From 1986-93, Mondale was chairman of the National Democratic Institute for International Affairs, an organization that conducts non-partisan international programs to help maintain and strengthen democratic institutions. In that capacity, he has co-led delegations to Poland and Hungary.
Mondale has also served on the executive committee of the Peace Prize Forum, an annual conference co-sponsored by the Norwegian Nobel Institute and five Midwestern colleges of Norwegian heritage. Former President Jimmy Carter, former Costa Rican President Oscar Arias Sanchez, Nobel laureate and author Elie Wiesel, Dr. Yelena Bonner, and Nobel laureate Norman Borlaug have been among the featured speakers.
In spring 1993, Mondale was elected a director of the Council on Foreign Relations. Other non-profit boards of directors on which he served until his appointment as ambassador include the Guthrie Theatre Foundation, Mayo Foundation, National Democratic Institute for International Affairs, Rand Corporation, and University of Minnesota Foundation. His recent corporate board memberships included BlackRock Advantage Term Trust and other BlackRock Mutual Funds, Cargill Incorporated, CNA Financial Corporation, the Encyclopaedia Britannica, First Financial Fund and other Prudential Mutual Funds, Northwest Airlines, and Untied HealthCare Corporation.

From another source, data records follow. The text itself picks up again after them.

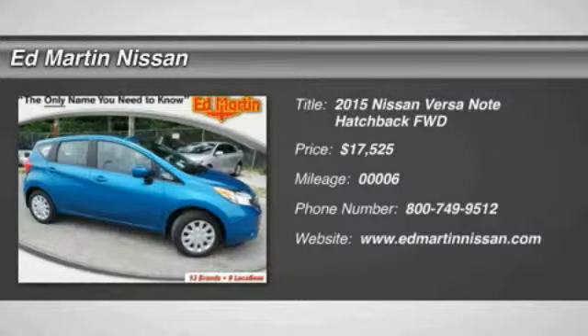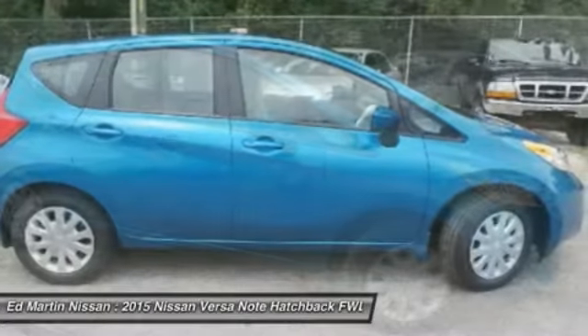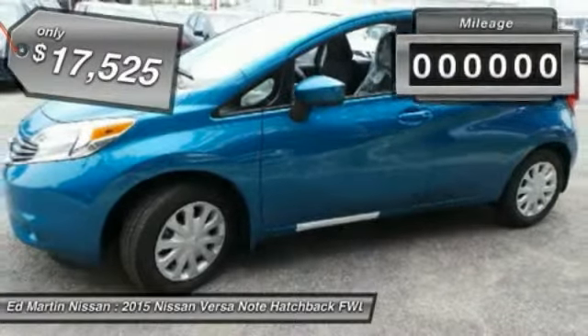The 2015 Versa. With its roomy and inviting interior, impressive technology, and exceptional gas mileage, the Nissan Versa is smart to own and fun to drive, and is priced below $20,000.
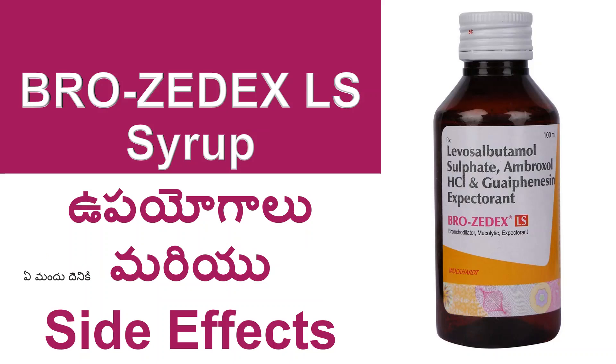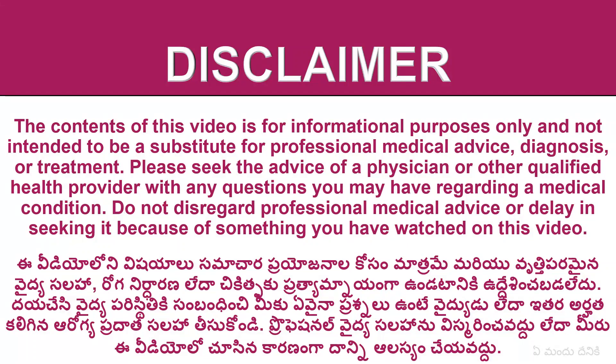Hi friends, welcome! This is the side effects of the Brozadex LS Syrup. First disclaimer. Let us start.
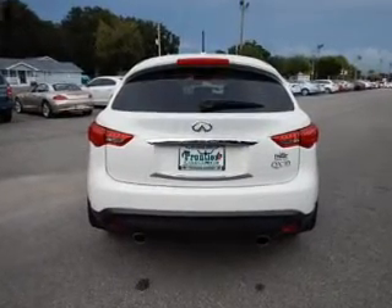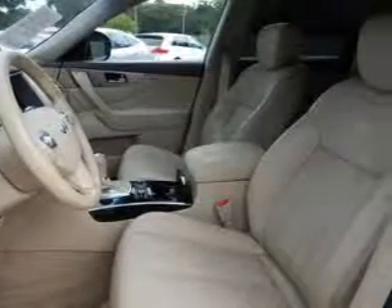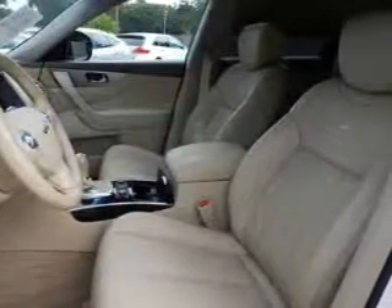Traction control, parking sensors, stability control, a passenger airbag, low tire pressure warning, and front ventilated disc brakes. Rest easy knowing this vehicle comes with a Carfax Vehicle History Report from Carfax,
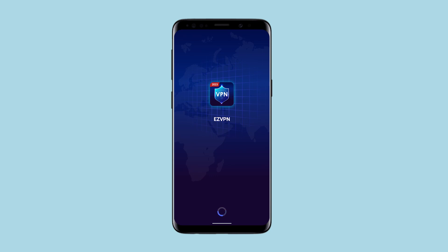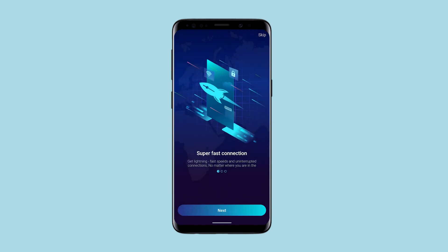Hello! You're on the SetaNet channel. In this review, I will show you not the best Android application for using a proxy – ezvpn.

Mondale was sworn in as U.S. ambassador to Japan on Aug. 13, 1993. He had been nominated by President Clinton on June 11, and confirmed by the U.S. Senate on July 30. The former vice president succeeded Michael H. Armacost, who had been ambassador to Tokyo since 1989. Mondale completed his service in that role in December, 1997.
He returned to his Minnesota home and rejoined the law firm of Dorsey & Whitney as a partner.
In March, 1998, Mondale traveled to Jakarta as President Clinton's personal representative for discussions with President Soeharto and other Indonesian officials on the financial situation facing that country.
Mondale is married to the former Joan Adams. They have three children: Theodore, Eleanor Jane, and William. Mondale has authored the book The Accountability of Power: Toward a Responsible Presidency and has written numerous articles on domestic and international issues. In his free time, he enjoys fishing, reading Shakespeare and historical accounts, barbecuing, skiing, and tennis.